• Goal of the exercise
Could you print each entry below verbatim while omitting the pictures?

*** Opening The data ***

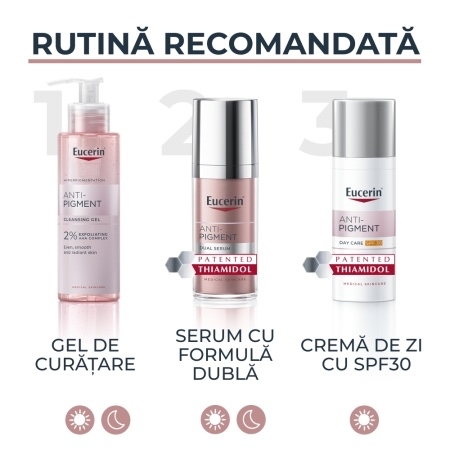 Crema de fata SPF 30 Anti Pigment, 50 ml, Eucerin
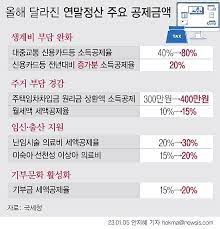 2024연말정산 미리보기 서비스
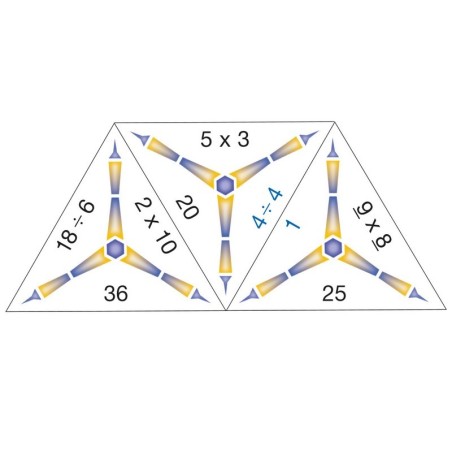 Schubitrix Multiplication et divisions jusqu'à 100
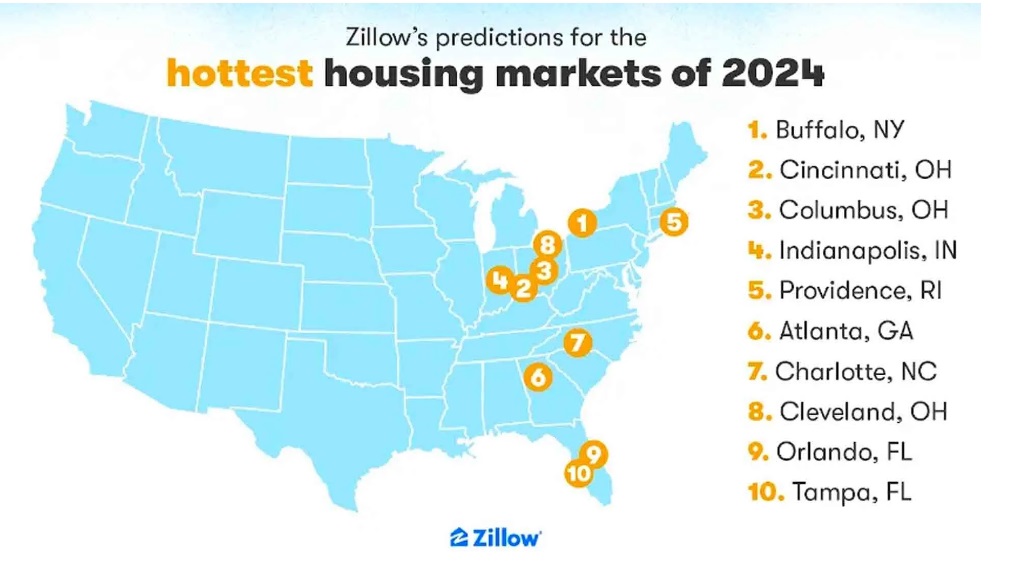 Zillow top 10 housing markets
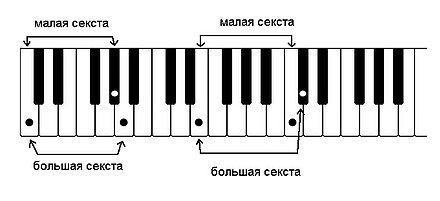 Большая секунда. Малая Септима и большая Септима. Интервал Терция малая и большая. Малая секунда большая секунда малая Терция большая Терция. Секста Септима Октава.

*** Closing The data ***

• Answer below
 Crema de fata SPF 30 Anti Pigment, 50 ml, Eucerin
 2024연말정산 미리보기 서비스
 Schubitrix Multiplication et divisions jusqu'à 100
 Zillow top 10 housing markets
 Большая секунда. Малая Септима и большая Септима. Интервал Терция малая и большая. Малая секунда большая секунда малая Терция большая Терция. Секста Септима Октава.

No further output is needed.